[ASSIGNMENT]: Give the data again exactly as written, skipping any pictures.

[SUPPLIED MATERIAL]:

* * * * * * *

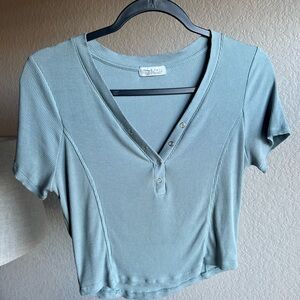 Women's V-Neck Buttoned Top Large - Like New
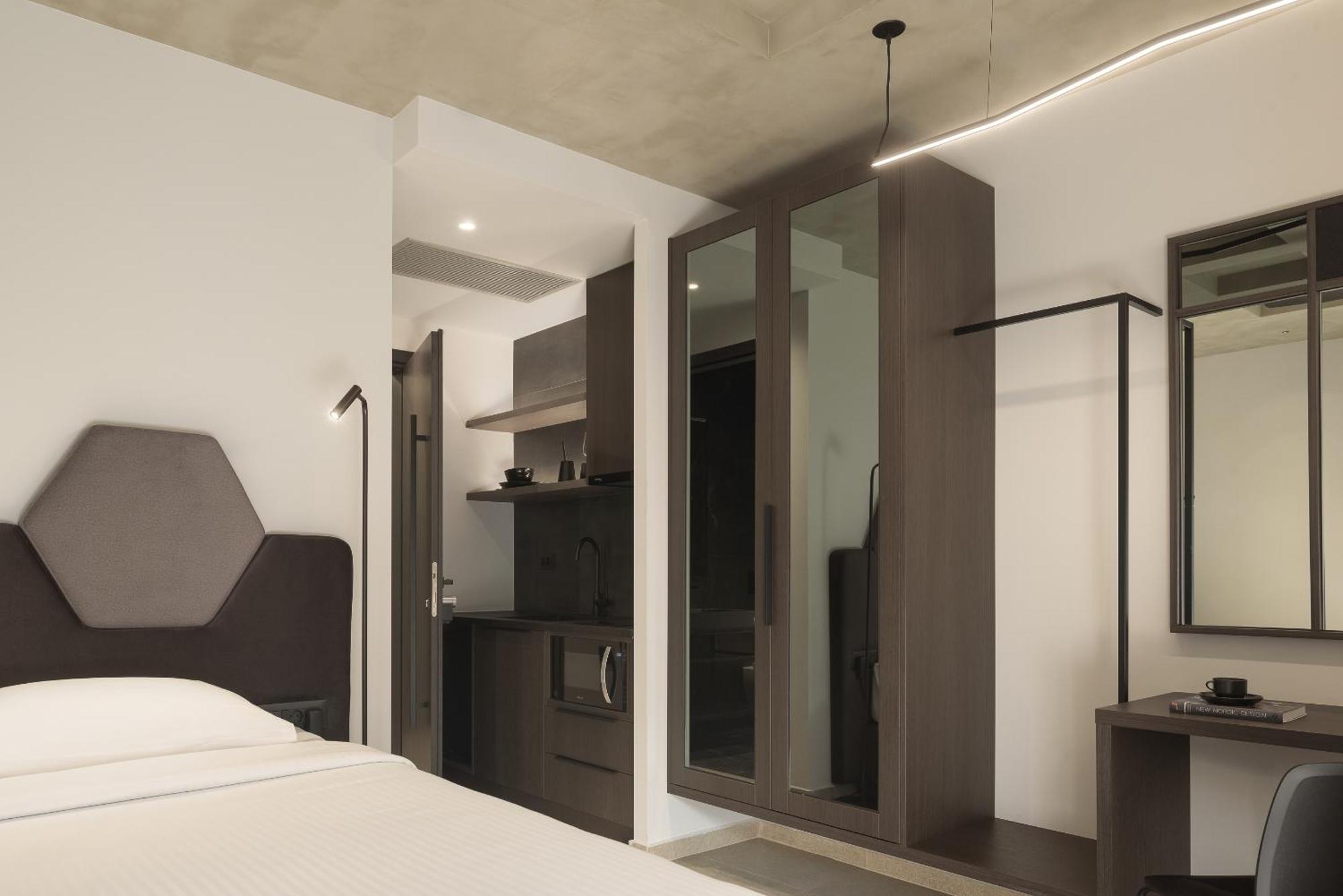 Pleiades Urban Stay By Semavί Heraklion  Bagian luar foto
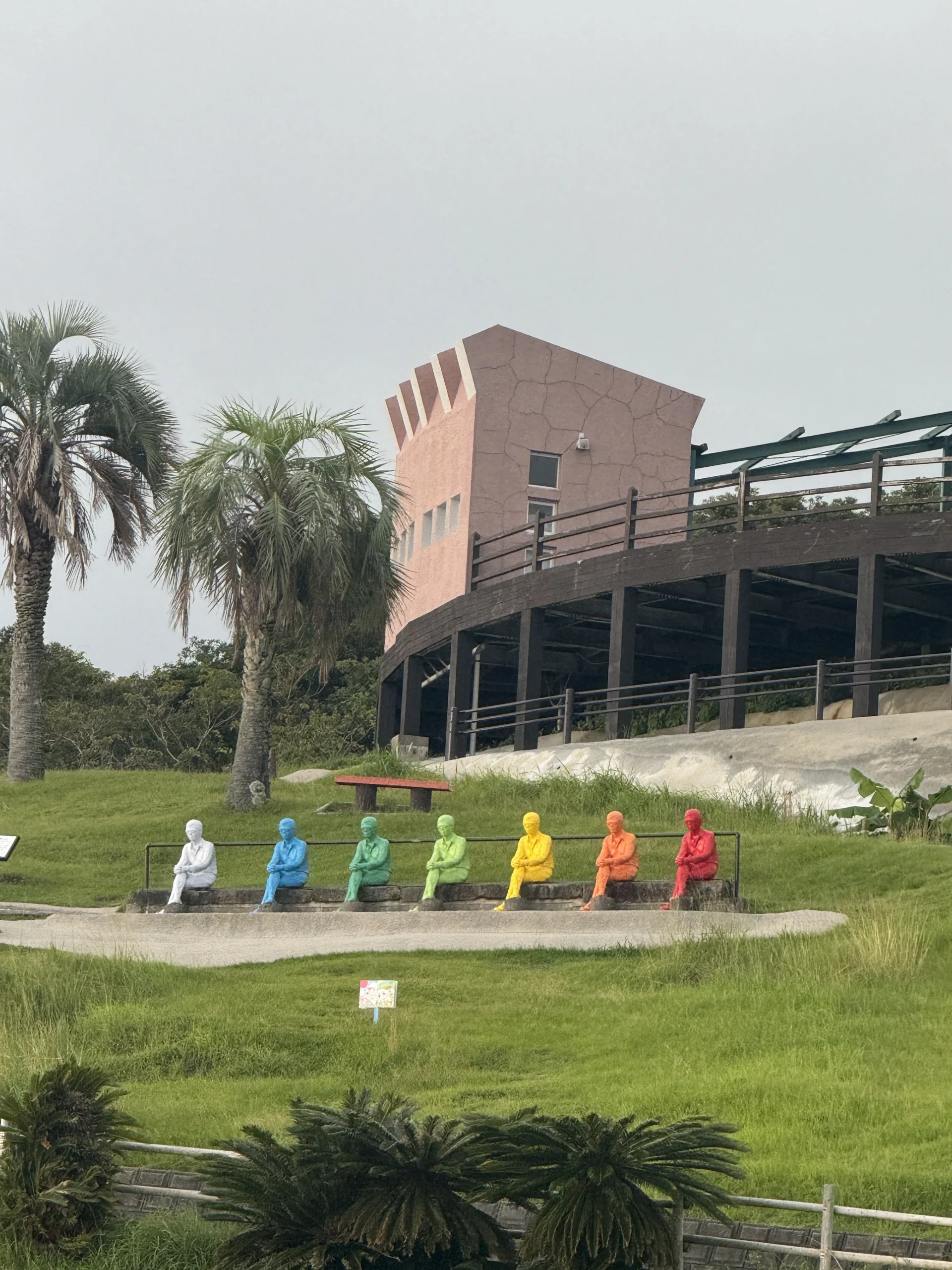 Sun Messe 日南草坡上排列的七座七色ヴォワイアン坐像與園區建築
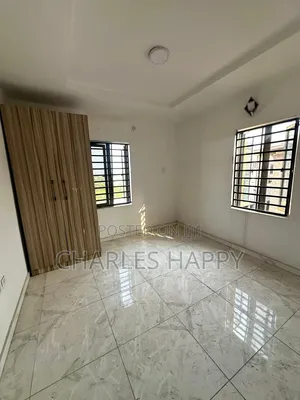 3bdrm Apartment in Ikate - Ilasan, Lekki Phase 2 for rent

* * * * * * *

[SOLUTION TO THE PROBLEM]:
 Women's V-Neck Buttoned Top Large - Like New
 Pleiades Urban Stay By Semavί Heraklion  Bagian luar foto
 Sun Messe 日南草坡上排列的七座七色ヴォワイアン坐像與園區建築
 3bdrm Apartment in Ikate - Ilasan, Lekki Phase 2 for rent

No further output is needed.